Origin of giant viruses from smaller DNA viruses not from a fourth domain of cellular life - PubMed (original) (raw)

Origin of giant viruses from smaller DNA viruses not from a fourth domain of cellular life

Natalya Yutin et al. Virology. 2014 Oct.

Abstract

The numerous and diverse eukaryotic viruses with large double-stranded DNA genomes that at least partially reproduce in the cytoplasm of infected cells apparently evolved from a single virus ancestor. This major group of viruses is known as Nucleocytoplasmic Large DNA Viruses (NCLDV) or the proposed order Megavirales. Among the "Megavirales", there are three groups of giant viruses with genomes exceeding 500kb, namely Mimiviruses, Pithoviruses, and Pandoraviruses that hold the current record of viral genome size, about 2.5Mb. Phylogenetic analysis of conserved, ancestral NLCDV genes clearly shows that these three groups of giant viruses have three distinct origins within the "Megavirales". The Mimiviruses constitute a distinct family that is distantly related to Phycodnaviridae, Pandoraviruses originate from a common ancestor with Coccolithoviruses within the Phycodnaviridae family, and Pithoviruses are related to Iridoviridae and Marseilleviridae. Maximum likelihood reconstruction of gene gain and loss events during the evolution of the "Megavirales" indicates that each group of giant viruses evolved from viruses with substantially smaller and simpler gene repertoires.
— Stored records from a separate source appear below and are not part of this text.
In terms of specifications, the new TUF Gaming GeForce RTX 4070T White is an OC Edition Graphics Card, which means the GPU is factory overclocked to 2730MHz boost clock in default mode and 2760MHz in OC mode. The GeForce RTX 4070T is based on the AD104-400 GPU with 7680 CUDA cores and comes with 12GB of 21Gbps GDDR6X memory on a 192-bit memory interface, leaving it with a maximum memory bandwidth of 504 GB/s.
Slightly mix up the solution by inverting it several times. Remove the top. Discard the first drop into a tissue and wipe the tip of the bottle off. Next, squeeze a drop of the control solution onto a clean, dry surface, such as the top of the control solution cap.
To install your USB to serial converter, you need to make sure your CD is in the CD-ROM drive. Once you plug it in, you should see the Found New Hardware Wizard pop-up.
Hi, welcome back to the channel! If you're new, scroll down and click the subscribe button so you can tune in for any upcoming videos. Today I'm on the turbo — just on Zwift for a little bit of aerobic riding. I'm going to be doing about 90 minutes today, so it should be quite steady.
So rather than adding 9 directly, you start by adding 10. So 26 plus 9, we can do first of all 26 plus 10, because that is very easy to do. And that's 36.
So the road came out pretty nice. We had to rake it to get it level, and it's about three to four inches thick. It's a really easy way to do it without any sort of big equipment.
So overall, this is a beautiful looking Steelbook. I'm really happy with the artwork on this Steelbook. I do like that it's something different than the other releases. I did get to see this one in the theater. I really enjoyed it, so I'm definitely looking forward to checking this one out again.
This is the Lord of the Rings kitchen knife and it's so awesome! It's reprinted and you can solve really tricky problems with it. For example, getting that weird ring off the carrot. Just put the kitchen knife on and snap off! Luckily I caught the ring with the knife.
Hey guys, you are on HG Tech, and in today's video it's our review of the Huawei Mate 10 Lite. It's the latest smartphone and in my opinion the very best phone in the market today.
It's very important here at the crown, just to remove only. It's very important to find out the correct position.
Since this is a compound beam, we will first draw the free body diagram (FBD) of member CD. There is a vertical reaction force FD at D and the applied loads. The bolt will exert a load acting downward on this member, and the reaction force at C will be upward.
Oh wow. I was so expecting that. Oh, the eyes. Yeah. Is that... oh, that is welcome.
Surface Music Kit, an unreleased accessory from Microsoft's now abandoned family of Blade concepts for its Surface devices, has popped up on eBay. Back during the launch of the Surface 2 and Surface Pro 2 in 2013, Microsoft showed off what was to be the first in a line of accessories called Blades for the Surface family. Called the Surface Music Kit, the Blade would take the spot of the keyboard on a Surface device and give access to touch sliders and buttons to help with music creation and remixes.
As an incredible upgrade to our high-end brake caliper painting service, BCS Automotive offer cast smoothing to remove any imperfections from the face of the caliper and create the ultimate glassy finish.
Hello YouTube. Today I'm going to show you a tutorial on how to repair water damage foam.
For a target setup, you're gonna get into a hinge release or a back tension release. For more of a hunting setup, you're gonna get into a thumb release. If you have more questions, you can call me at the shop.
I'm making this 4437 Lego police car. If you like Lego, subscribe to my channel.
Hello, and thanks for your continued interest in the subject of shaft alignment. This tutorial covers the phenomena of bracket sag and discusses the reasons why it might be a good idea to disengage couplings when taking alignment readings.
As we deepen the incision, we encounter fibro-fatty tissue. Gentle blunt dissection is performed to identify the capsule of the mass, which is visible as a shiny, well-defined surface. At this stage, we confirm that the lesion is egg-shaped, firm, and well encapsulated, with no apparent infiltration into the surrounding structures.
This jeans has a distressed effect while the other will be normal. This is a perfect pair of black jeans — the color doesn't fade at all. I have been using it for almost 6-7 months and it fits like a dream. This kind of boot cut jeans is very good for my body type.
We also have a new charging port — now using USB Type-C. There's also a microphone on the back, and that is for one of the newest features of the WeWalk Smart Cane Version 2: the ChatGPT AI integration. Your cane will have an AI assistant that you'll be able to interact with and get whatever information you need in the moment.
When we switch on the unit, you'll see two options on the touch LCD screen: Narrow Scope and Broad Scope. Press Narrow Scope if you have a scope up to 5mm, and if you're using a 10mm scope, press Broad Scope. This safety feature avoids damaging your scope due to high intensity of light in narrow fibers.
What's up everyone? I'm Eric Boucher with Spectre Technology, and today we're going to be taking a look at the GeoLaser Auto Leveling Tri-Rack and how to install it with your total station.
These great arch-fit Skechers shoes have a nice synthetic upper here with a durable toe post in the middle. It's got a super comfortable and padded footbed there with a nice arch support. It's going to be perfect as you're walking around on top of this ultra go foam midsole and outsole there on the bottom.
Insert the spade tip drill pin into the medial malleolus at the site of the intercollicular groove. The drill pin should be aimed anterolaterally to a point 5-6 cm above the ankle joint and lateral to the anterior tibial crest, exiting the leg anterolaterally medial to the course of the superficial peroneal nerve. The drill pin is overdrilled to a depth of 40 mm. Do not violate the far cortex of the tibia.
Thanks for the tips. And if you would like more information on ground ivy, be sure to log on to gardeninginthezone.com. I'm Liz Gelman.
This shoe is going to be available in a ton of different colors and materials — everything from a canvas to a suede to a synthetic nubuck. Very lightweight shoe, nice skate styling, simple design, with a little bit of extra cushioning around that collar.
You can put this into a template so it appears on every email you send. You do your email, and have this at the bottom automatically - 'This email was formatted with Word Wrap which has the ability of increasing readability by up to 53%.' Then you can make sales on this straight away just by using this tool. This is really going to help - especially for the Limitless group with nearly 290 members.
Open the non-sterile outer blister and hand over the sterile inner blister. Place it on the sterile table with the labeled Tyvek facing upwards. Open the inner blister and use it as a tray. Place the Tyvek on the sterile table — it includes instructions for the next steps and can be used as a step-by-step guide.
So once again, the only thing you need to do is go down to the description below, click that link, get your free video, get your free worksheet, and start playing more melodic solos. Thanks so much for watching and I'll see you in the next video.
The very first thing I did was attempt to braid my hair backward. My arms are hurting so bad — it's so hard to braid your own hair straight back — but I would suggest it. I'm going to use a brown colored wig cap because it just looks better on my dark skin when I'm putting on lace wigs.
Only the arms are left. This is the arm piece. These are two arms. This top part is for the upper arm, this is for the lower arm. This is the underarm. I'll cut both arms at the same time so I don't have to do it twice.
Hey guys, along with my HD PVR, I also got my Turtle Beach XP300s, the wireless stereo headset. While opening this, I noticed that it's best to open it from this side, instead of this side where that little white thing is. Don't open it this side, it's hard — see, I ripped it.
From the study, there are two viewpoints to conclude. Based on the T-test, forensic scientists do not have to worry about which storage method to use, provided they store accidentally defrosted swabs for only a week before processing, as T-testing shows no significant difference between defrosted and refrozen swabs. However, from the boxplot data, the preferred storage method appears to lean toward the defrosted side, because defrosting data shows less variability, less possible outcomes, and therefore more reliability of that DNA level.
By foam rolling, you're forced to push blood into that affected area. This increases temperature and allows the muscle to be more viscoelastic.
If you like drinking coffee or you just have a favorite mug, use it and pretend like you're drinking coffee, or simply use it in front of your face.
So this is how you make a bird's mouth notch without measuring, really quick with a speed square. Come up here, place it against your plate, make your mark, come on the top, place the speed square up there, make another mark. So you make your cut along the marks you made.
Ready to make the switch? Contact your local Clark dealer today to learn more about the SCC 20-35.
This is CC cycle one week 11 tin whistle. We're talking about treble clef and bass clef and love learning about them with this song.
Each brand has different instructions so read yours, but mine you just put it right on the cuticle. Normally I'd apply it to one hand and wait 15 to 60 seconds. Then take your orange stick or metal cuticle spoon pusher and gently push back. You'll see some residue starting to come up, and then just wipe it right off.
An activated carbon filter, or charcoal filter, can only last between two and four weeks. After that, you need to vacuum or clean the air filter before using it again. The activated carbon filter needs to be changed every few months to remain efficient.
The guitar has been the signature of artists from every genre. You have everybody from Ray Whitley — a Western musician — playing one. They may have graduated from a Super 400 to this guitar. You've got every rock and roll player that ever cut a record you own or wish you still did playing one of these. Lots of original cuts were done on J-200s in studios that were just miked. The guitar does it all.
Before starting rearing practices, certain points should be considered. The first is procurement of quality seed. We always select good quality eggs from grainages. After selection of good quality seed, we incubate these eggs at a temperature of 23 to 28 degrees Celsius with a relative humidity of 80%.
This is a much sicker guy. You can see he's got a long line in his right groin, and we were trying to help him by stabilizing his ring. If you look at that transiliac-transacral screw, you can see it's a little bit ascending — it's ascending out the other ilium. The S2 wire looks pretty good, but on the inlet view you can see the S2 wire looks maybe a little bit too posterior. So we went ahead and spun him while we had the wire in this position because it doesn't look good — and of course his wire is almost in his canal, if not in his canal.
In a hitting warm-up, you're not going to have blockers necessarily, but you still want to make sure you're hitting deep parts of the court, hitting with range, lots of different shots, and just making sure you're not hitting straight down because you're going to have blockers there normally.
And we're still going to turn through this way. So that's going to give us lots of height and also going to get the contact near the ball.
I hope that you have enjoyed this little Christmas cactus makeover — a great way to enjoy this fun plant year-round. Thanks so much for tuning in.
Initial phylogenetic analysis of universal genes, such as translation system components, encoded by some giant viruses, in particular Mimiviruses, has led to the hypothesis that giant viruses descend from a fourth, probably extinct domain of cellular life. The results of our comprehensive phylogenomic analysis of giant viruses refute the fourth domain hypothesis and instead indicate that the universal genes have been independently acquired by different giant viruses from their eukaryotic hosts.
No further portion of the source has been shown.